- What to produce:
Restate word for word the section of the entries that opens at the line containing "35c Emmett Street Greerton_1" and closes at the line containing "LukFook Jewelry", both lines kept, pictures dropped.

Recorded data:
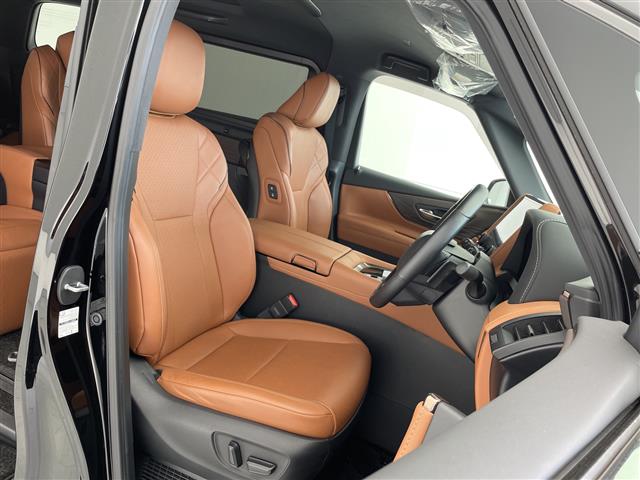 トヨタ ヴェルファイア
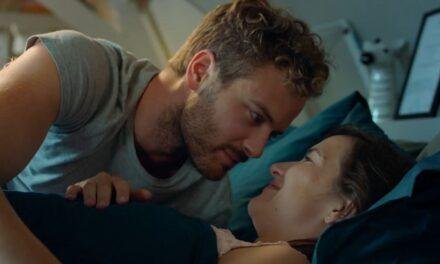 Crítica – Algo Sobre Amor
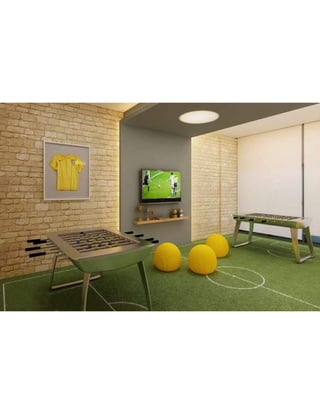 Aquarela Tijuca Tel - (21) 2285 7302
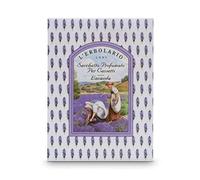 L'ERBOLARIO Fragrant bag for drawers perfume LAVENDER perfumed sachet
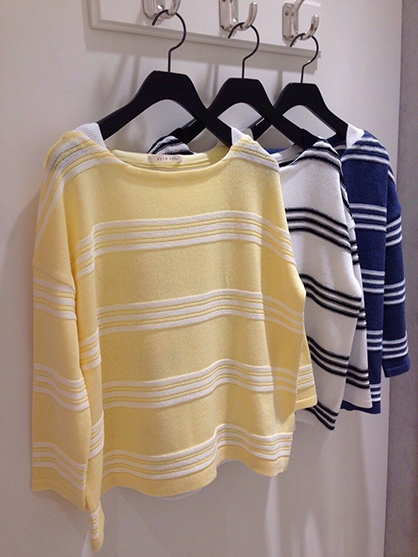 erinblog_20150407_3.jpg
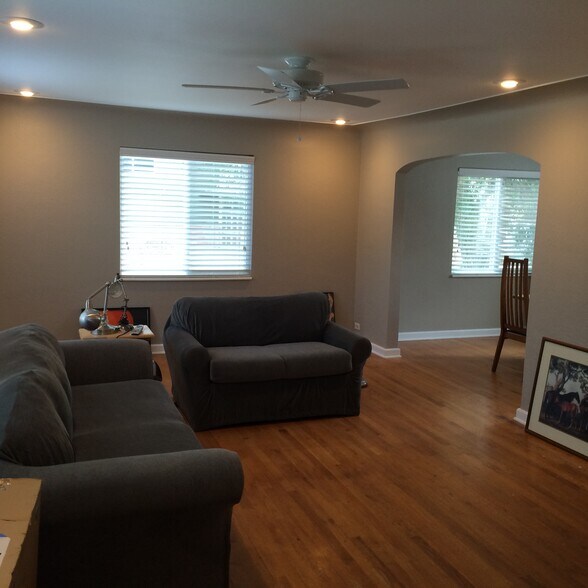 2320 East St, Golden, CO à vendre - Photo de l’immeuble – Image 3 sur 15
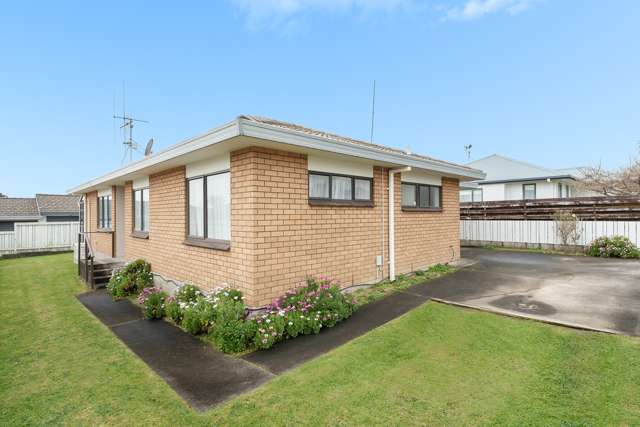 35c Emmett Street Greerton_1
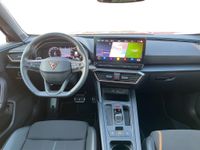 Cupra Formentor - Vorschau Bild 16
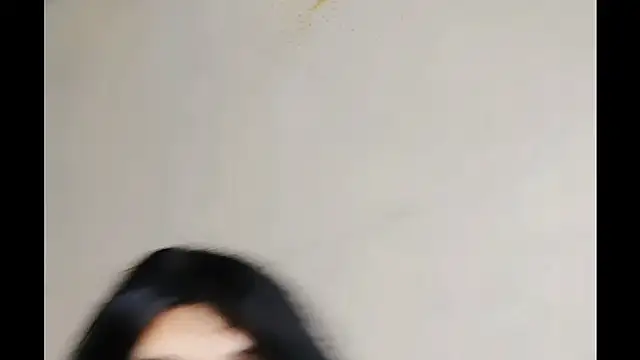 ammsexy1 online show from February 24, 9:46 pm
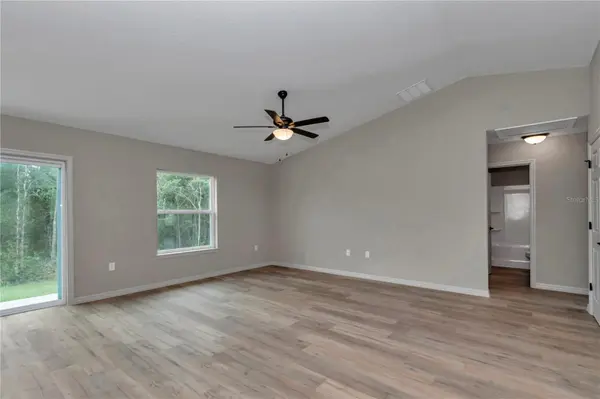 205 LOCUST PASS TER, Ocala, FL 34472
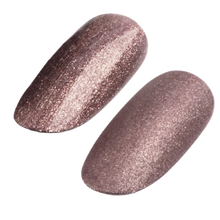 Load image into Gallery viewer, 1.Ugly Duckling Gel Polishes (1-100)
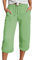 damen haremshose, sommerrock damen leicht und luftig, shorts women, poledance outfits, culotte hose, hose rosa, caprihose, leinenhose mädchen, schwarze damenhose, leggins kurz unter kleid, leinenhose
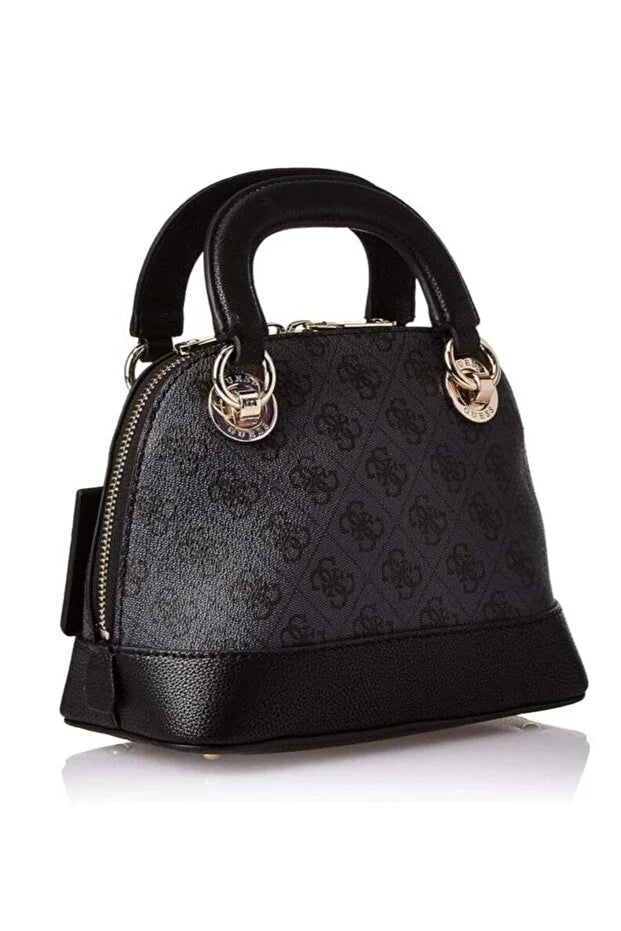 Guess Satchels Bag For Women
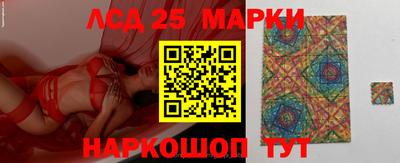 индика Малгобек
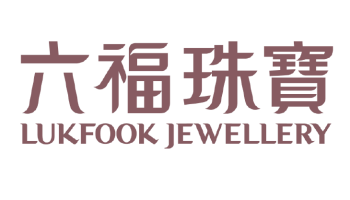 LukFook Jewelry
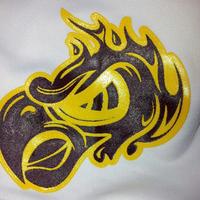 Boerne Phoenix (@boernephoenix) 's Twitter Profile
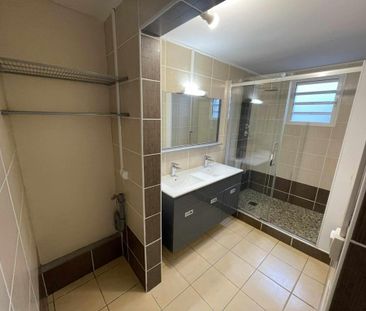 A louer, Maison / Villa, 88 m² - Photo 5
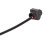 Modulo fotocamera USB 1/2.7 2MP 1080P OTG Nero/Bianco 6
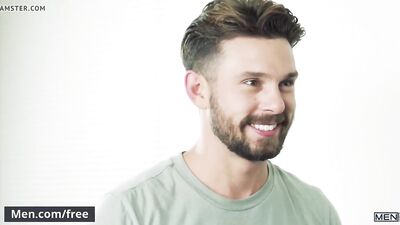 The Gay Porno Adventures of Casey and Jack: In Search of the Lost Tapes, Volume 2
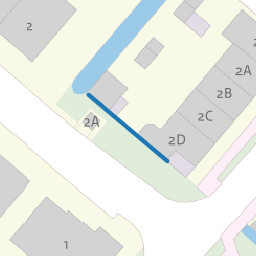 Perceel NWK01-A-5392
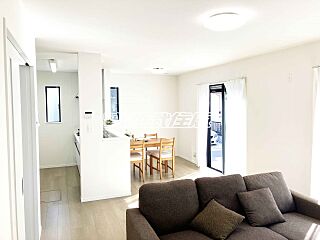 JR青梅線「小作」駅 徒歩28分 その他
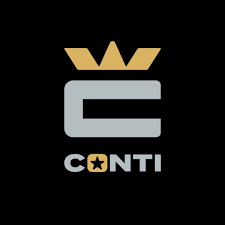conti casino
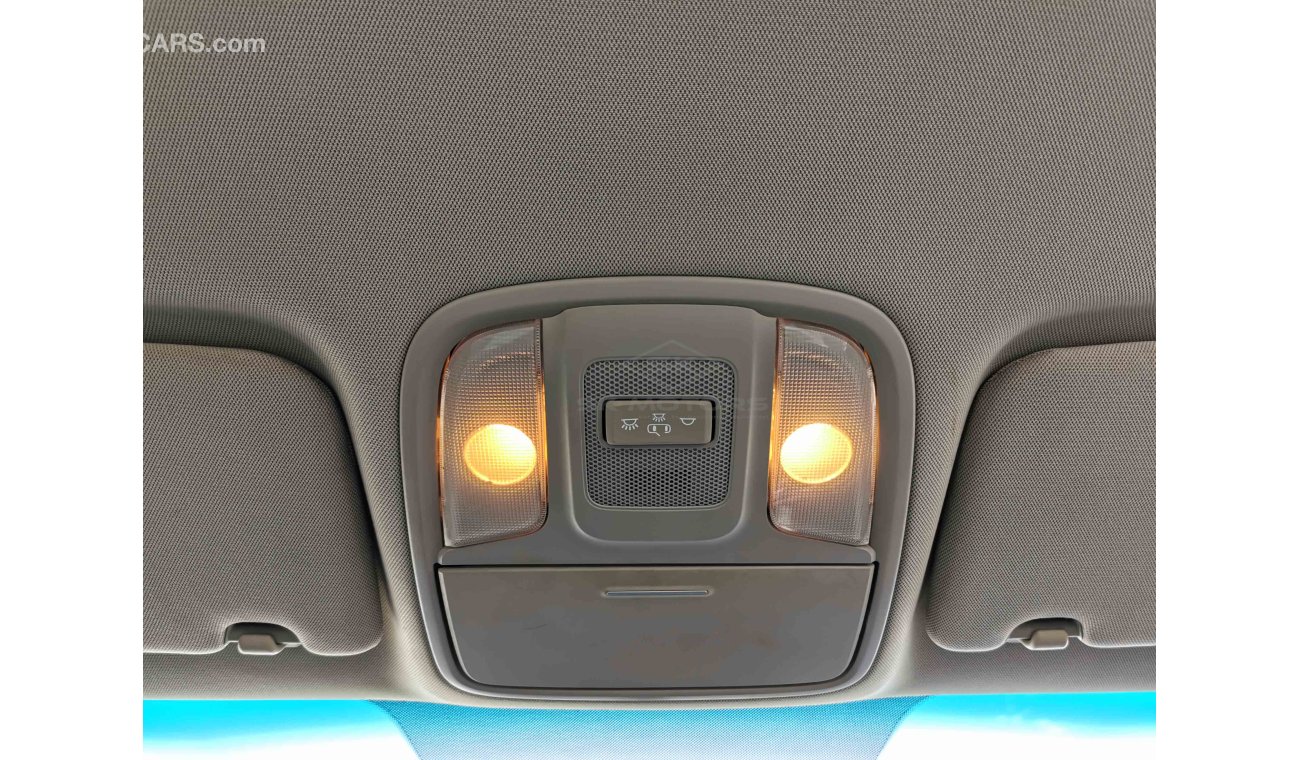 Kia Optima 2.4L 4CY Petrol, 16" Rims, DRL LED Headlights, BSM, Fog Lights, Rear Camera, Power Locks (LOT # 801)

- Answer:
 35c Emmett Street Greerton_1
 Cupra Formentor - Vorschau Bild 16
 ammsexy1 online show from February 24, 9:46 pm
 205 LOCUST PASS TER, Ocala, FL 34472
 Load image into Gallery viewer, 1.Ugly Duckling Gel Polishes (1-100)
 damen haremshose, sommerrock damen leicht und luftig, shorts women, poledance outfits, culotte hose, hose rosa, caprihose, leinenhose mädchen, schwarze damenhose, leggins kurz unter kleid, leinenhose
 Guess Satchels Bag For Women
 индика Малгобек
 LukFook Jewelry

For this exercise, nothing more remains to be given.